_Work order_
Once the line holding "Хэтчбек BMW 1 Series 2014 в Тячеве" is found in the entries below, transcribe exactly every line up to and including the one holding "Different types of biometric safes 1", but leave out the pictures.

_Recorded data_
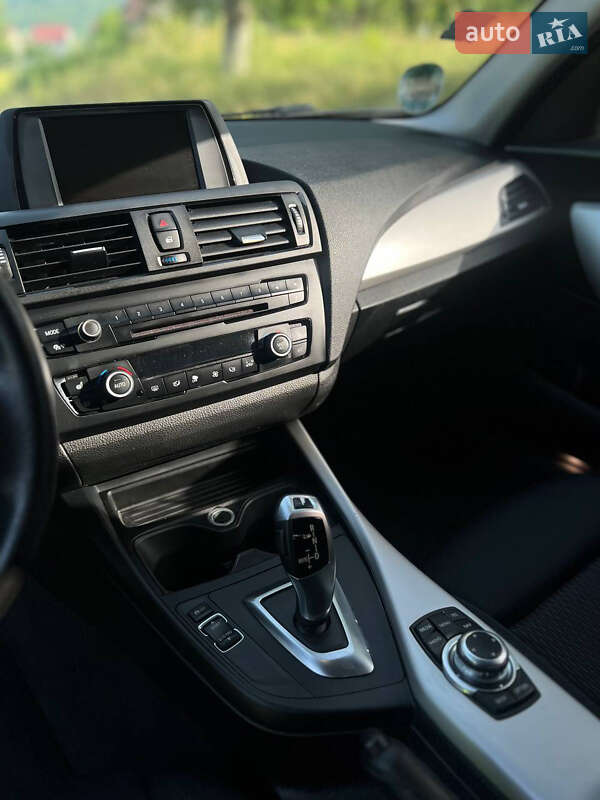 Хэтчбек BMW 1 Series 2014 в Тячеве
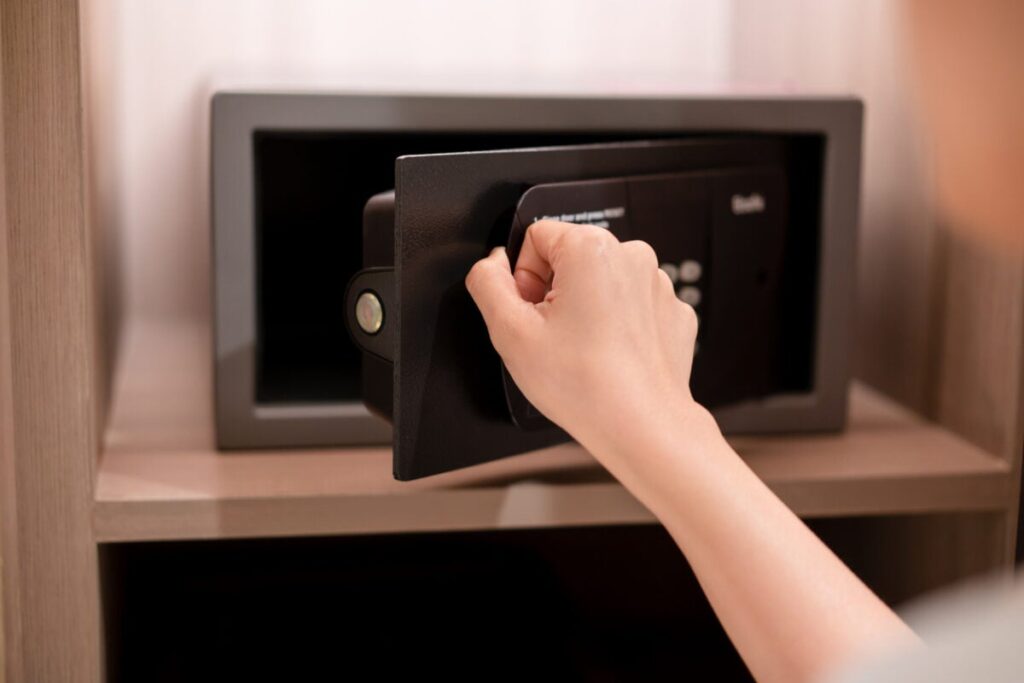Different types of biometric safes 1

* * *

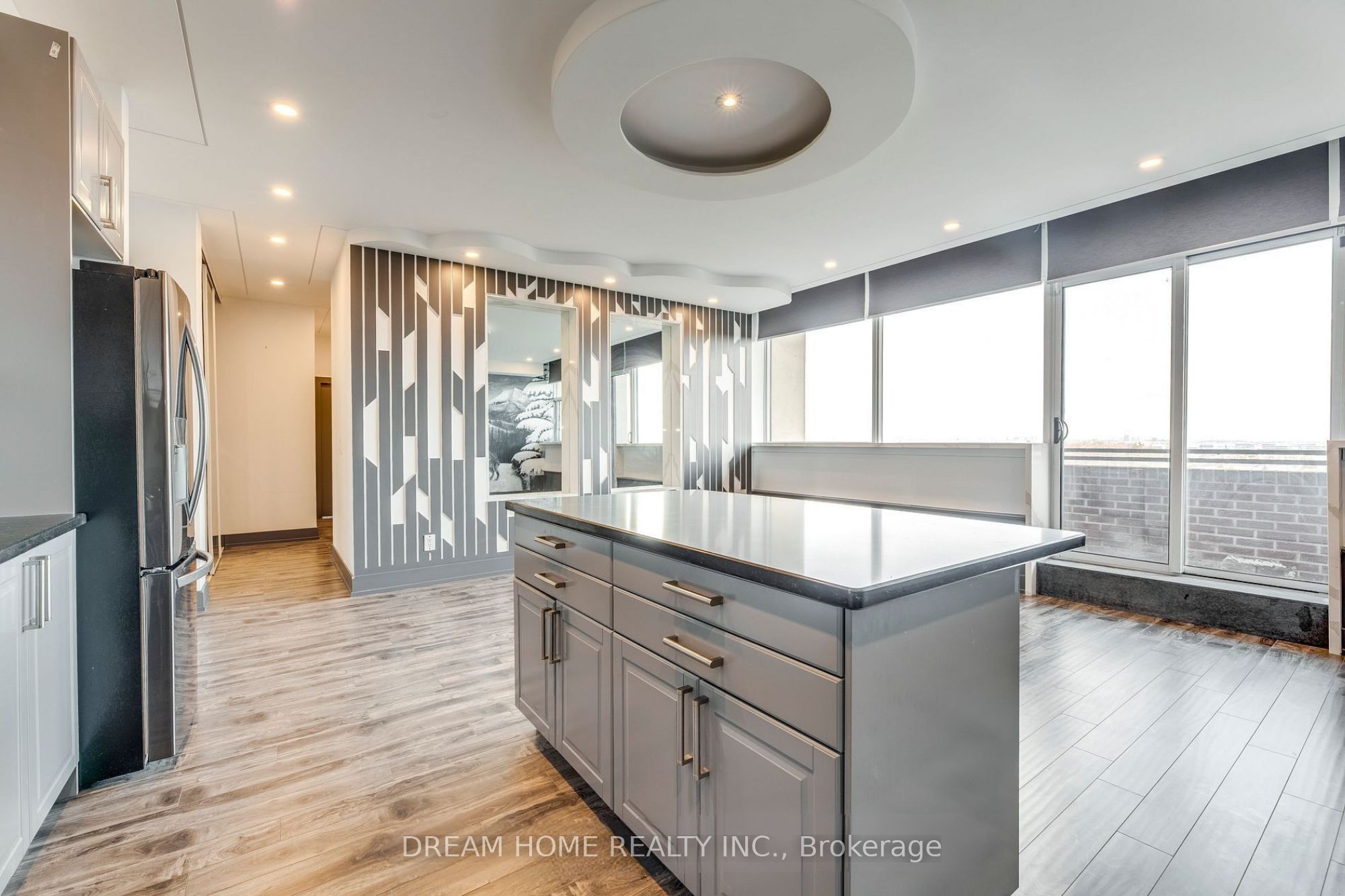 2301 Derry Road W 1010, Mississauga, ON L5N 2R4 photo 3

--

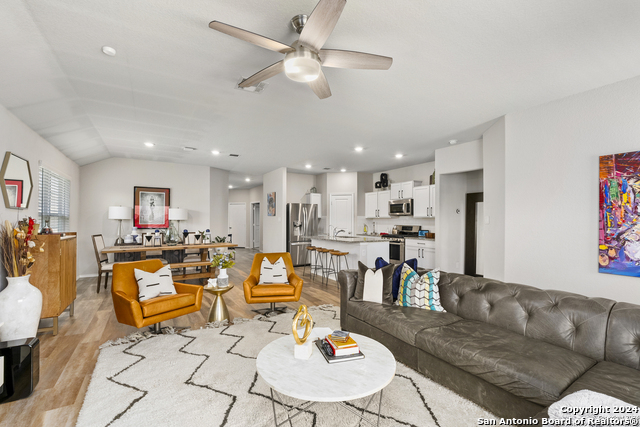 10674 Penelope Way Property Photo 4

_Solution to the problem_
 Хэтчбек BMW 1 Series 2014 в Тячеве
Different types of biometric safes 1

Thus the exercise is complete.